Caption-style text data
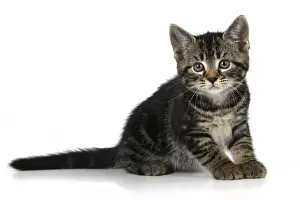 Tabbies Prints: CAT. 7 weeks old, tabby kitten, , cute, studio, white background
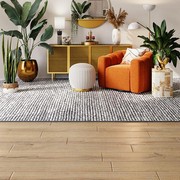 Biar Nggak Sakit-sakitan, 7 Benda Ini Wajib Ada di Dalam Rumah Menurut Fengshui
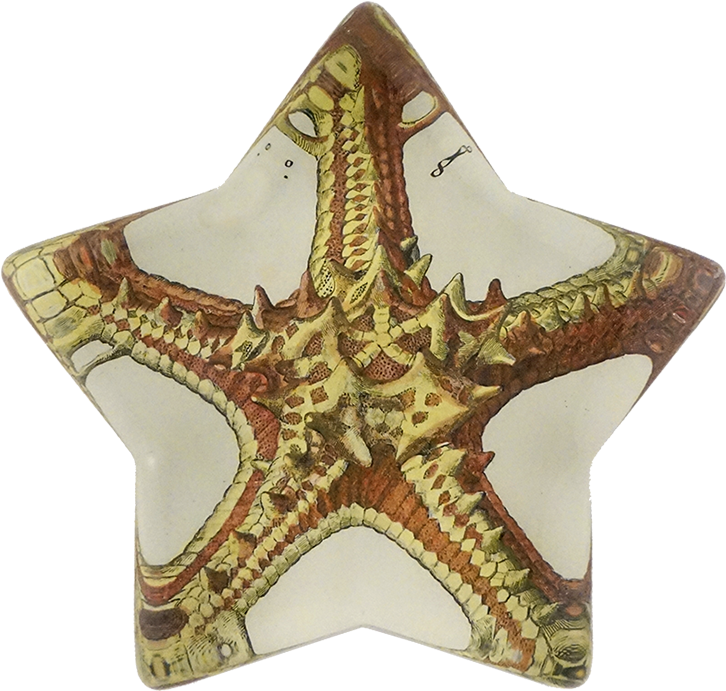 Starfish (800x800), Png Download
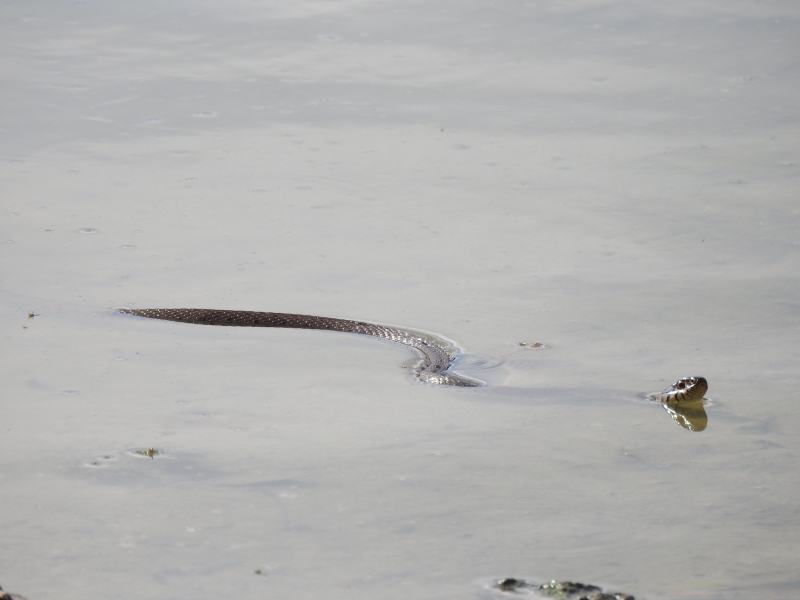 DSCN8770.JPG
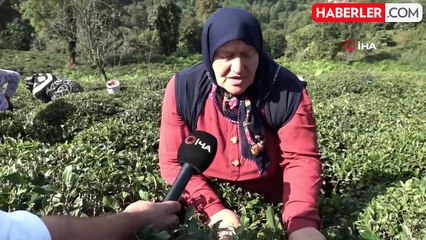 Çay Sezonu Sona Erdi, Müstahsiller Çay Tohumu Toplamaya Başladı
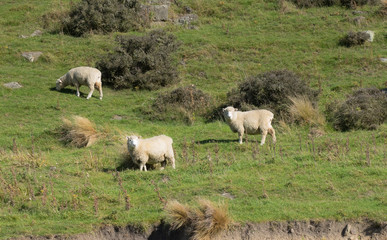 Obraz na płótnie Canvas Sheep eating green grass on the mountains of the south island of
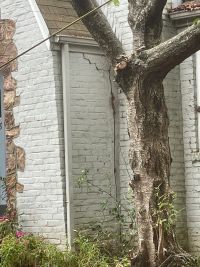 The same corner from the other side, the crack beside the tree whose roots caused the movement.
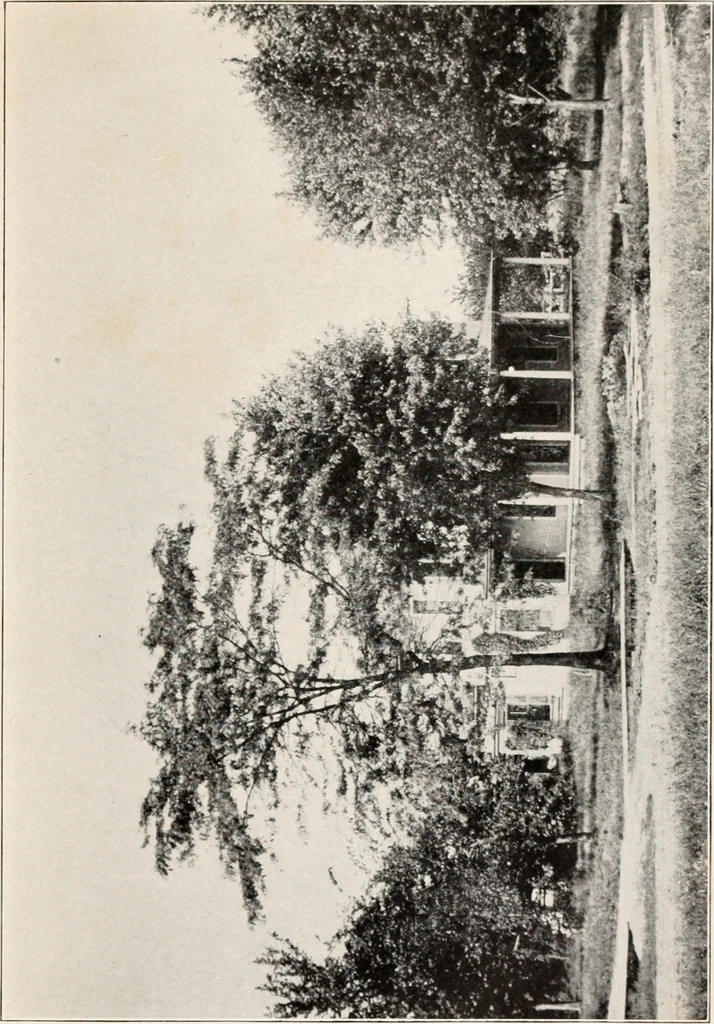 An illustration from Brief biography and popular account of the unparalleled discoveries of T.J.J. See, 1913, leaf 48
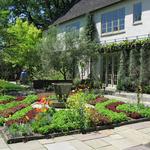 Chanticleer, a pleasure garden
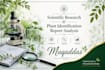 be your expert virtual botany tutor with research assistant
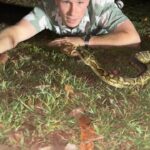 Robert Clarence Irwin Instagram – Near miss! Definitely had a good laugh with this grumpy carpet python – but great to get him reacued off the road and relocated to a much safer spot!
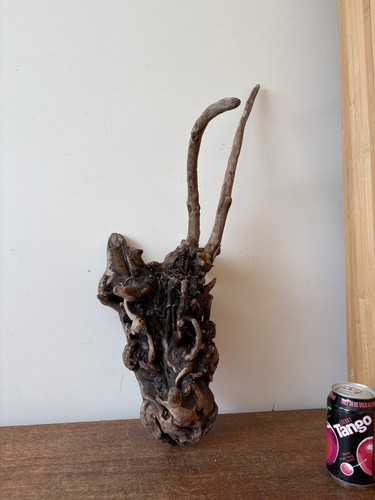 Driftwood piece root - piece, tangle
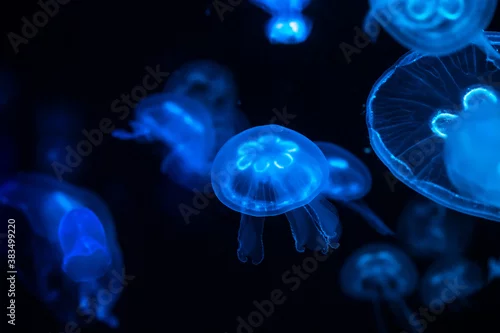 Obraz Low key jellyfish in sea saltwater aquarium ocean life 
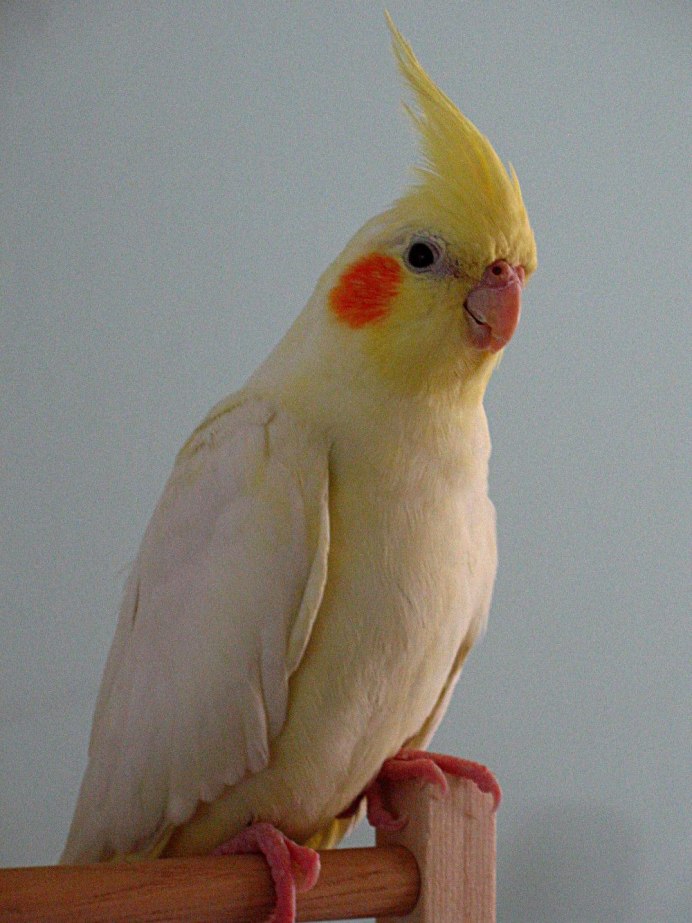 Корелла Браво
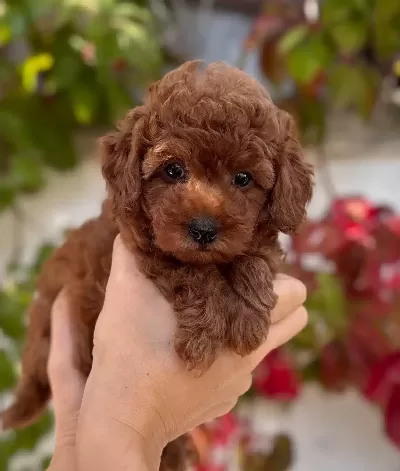 Kıvırcık Sevimli Yavrumuz Minyatür Poodle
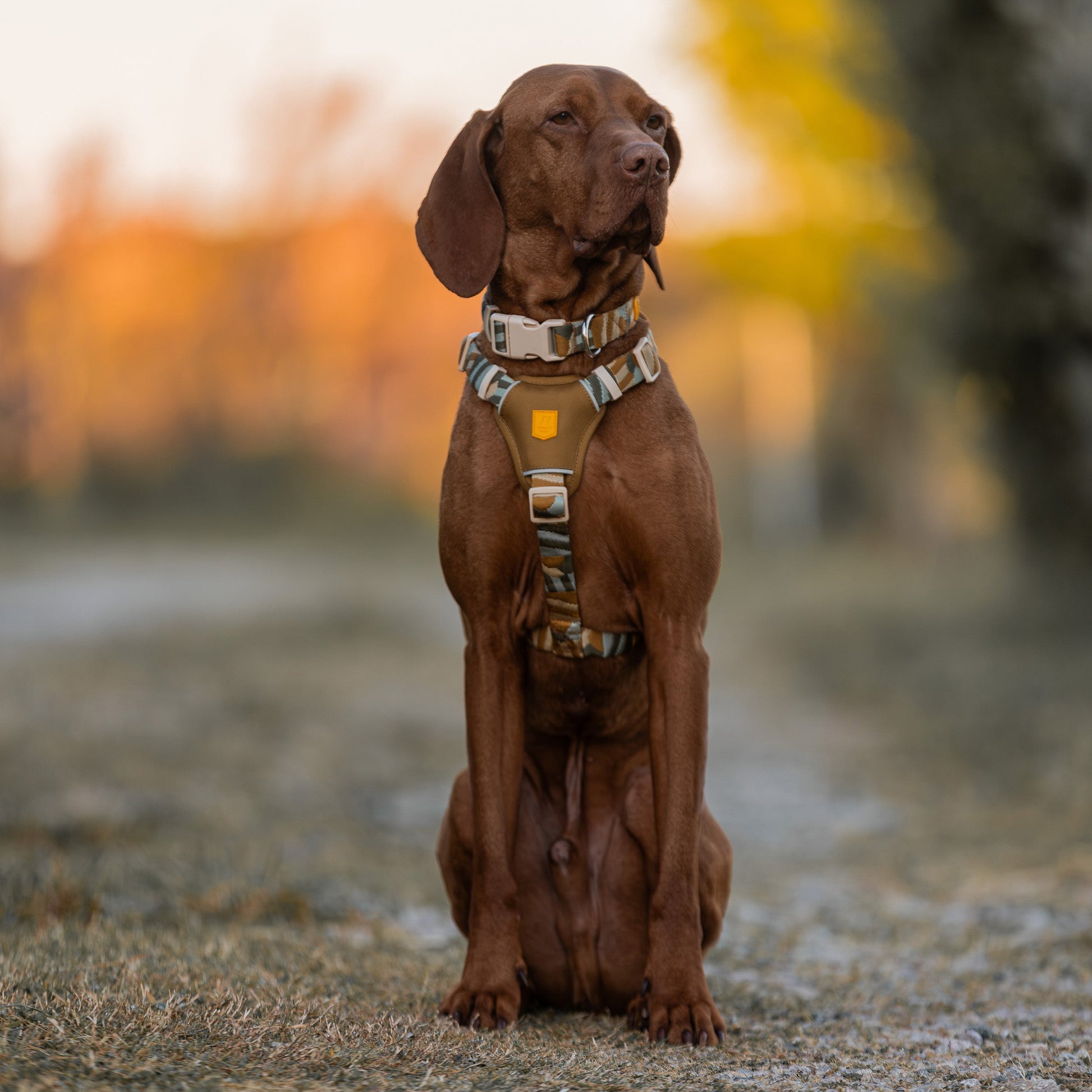 Brown dog wearing a patterned harness sits on a path with a blurred autumn background.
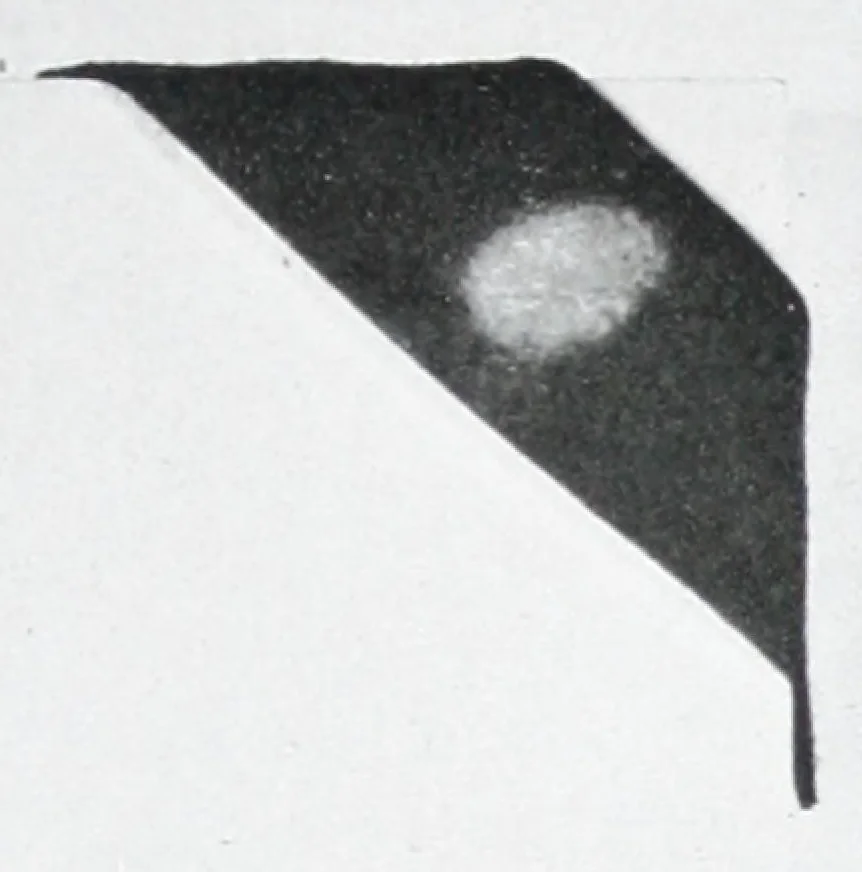 An illustration from Zinc oxide and its application to paint / by L.H. Trott., 1928, leaf 10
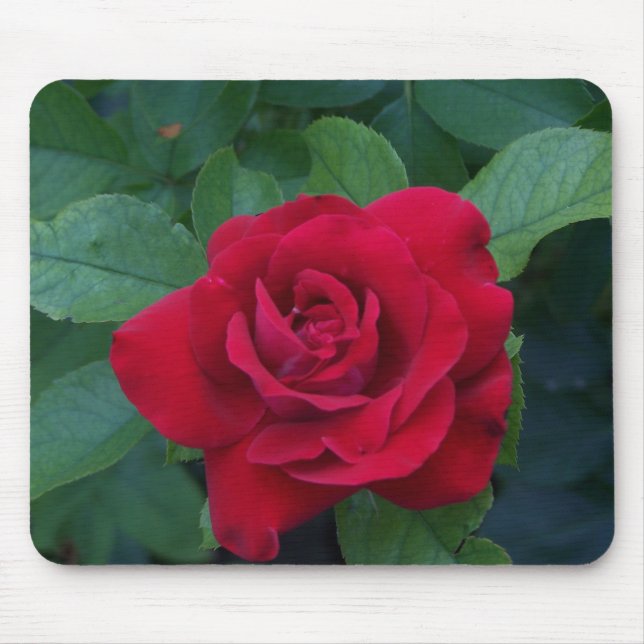 Red Rose Up Close Mouse Pad (Front)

§ To do
All lines from the start of the entries through the one with "The same corner" are to be output exactly; omit the pictures.

§ Solution
 Tabbies Prints: CAT. 7 weeks old, tabby kitten, , cute, studio, white background
 Biar Nggak Sakit-sakitan, 7 Benda Ini Wajib Ada di Dalam Rumah Menurut Fengshui
 Starfish (800x800), Png Download
 DSCN8770.JPG
 Çay Sezonu Sona Erdi, Müstahsiller Çay Tohumu Toplamaya Başladı
 Obraz na płótnie Canvas Sheep eating green grass on the mountains of the south island of
 The same corner from the other side, the crack beside the tree whose roots caused the movement.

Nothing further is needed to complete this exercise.